Shares of Advanced Semiconductor Engineering Inc (ASE, 日月光半導體), one of Taiwan’s leading integrated-circuit packaging and testing service providers, extended their losses yesterday morning after the company reported worse-than-expected pretax earnings for the fourth quarter of last year, dealers said.
The selling was believed to come from foreign institutional investors who have turned wary of the company’s bottom line due to the earnings report, while its American depositary receipts fell more than 11 percent in New York overnight, they said.
As of 11:27am, shares in ASE fell 2.3 percent to NT$27.55, with 82.86 million shares changing hands after a drop of 7 percent, the maximum daily decline, seen the previous session, while the benchmark weighted index was up 0.14 percent at 7,663.18 points.
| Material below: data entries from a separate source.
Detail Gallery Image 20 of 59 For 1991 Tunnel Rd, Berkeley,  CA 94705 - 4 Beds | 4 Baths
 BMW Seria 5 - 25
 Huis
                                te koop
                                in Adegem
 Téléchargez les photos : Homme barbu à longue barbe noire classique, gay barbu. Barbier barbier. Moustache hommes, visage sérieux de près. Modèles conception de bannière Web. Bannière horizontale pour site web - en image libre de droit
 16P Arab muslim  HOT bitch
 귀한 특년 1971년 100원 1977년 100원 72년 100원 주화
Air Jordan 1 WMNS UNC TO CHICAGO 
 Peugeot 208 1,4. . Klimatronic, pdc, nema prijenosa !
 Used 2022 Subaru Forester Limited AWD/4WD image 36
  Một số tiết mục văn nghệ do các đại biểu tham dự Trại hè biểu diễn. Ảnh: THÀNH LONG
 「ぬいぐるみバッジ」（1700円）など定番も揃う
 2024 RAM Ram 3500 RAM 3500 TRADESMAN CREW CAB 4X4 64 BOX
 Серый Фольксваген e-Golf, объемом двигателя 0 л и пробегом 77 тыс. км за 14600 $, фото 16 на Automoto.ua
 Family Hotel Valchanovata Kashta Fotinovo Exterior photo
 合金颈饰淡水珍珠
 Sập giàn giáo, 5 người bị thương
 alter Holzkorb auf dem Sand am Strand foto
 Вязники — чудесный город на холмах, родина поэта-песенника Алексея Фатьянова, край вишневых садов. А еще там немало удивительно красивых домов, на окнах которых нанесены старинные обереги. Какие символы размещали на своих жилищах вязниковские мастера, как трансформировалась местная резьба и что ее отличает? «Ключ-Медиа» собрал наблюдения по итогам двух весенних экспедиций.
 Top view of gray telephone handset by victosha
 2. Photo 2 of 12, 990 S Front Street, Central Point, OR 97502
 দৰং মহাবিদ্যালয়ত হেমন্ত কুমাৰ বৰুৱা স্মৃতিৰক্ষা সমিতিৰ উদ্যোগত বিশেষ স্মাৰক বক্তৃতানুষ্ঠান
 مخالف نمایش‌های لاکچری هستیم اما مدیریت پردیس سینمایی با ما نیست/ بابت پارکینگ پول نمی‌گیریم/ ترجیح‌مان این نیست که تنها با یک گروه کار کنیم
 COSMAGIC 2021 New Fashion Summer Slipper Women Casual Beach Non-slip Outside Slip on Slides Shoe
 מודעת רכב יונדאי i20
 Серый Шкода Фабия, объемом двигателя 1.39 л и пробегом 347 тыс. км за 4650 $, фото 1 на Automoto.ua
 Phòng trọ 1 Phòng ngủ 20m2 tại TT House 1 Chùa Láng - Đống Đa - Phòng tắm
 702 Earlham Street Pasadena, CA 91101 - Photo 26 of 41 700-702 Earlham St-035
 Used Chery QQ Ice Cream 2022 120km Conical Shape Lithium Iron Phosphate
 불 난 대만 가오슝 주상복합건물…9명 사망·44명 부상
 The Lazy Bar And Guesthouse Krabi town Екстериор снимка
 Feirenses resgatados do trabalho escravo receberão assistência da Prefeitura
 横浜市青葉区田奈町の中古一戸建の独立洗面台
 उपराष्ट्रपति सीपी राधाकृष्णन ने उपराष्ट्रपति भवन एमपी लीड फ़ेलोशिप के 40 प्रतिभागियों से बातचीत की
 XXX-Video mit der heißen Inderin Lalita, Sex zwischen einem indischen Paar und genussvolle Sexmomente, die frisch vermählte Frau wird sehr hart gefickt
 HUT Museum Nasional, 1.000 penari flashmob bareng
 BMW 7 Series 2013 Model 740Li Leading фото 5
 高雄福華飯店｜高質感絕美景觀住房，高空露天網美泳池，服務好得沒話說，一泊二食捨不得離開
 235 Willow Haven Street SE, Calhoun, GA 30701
“The pretax earnings for the fourth quarter were about 20 percent lower than my earlier estimate,” Grand Cathay Securities (大華證券) analyst Meissen Chang said.
ASE said on Thursday it posted NT$2.95 billion (US$ 99.9 million) in unaudited pretax profit or NT$0.44 per share for the fourth quarter, while its operating income fell below the NT$4 billion level to about NT$3.5 billion.
For the entire year last year, ASE recorded NT$16.997 billion in pretax profit, or about NT$2.55 per share.
“The company had tended to be upbeat about the market outlook, so investors followed its optimism to embrace high expectations. However, it turned out that it was in worse shape, dashing many analysts’ hopes,” Chang said.
“I suspect the selling came from foreign institutional investors who still hold a large chunk of ASE shares,” Chang said. “The institutional selling led to heavy turnover in the stock this morning.”
As of Thursday, foreign institutional investors owned a 70.12 percent stake in ASE, according to the Taiwan Stock Exchange.
Chang said the disappointing earnings in the fourth quarter were largely the result of a slowing global semiconductor business, while ASE assigned large provisions to cover the losses from its investments in unprofitable memory chip production for the period to further impact its profitability.
“In my estimate, ASE’s average capacity utilization fell from 75 to 70 percent last year, compared with full utilization in 2010, due to weakening global demand,” Chang said.
“To win orders, ASE has entered cut-throat price competition and seen its profitability squeezed,” he said.
Chang said as the global integrated circuit sector remains haunted by market uncertainty, it remains to be seen when ASE will see a meaningful improvement in its bottom line.
“It is possible for the stock to suffer an additional drop of between 10 percent and 20 percent in its share price amid cautious sentiment,” he said.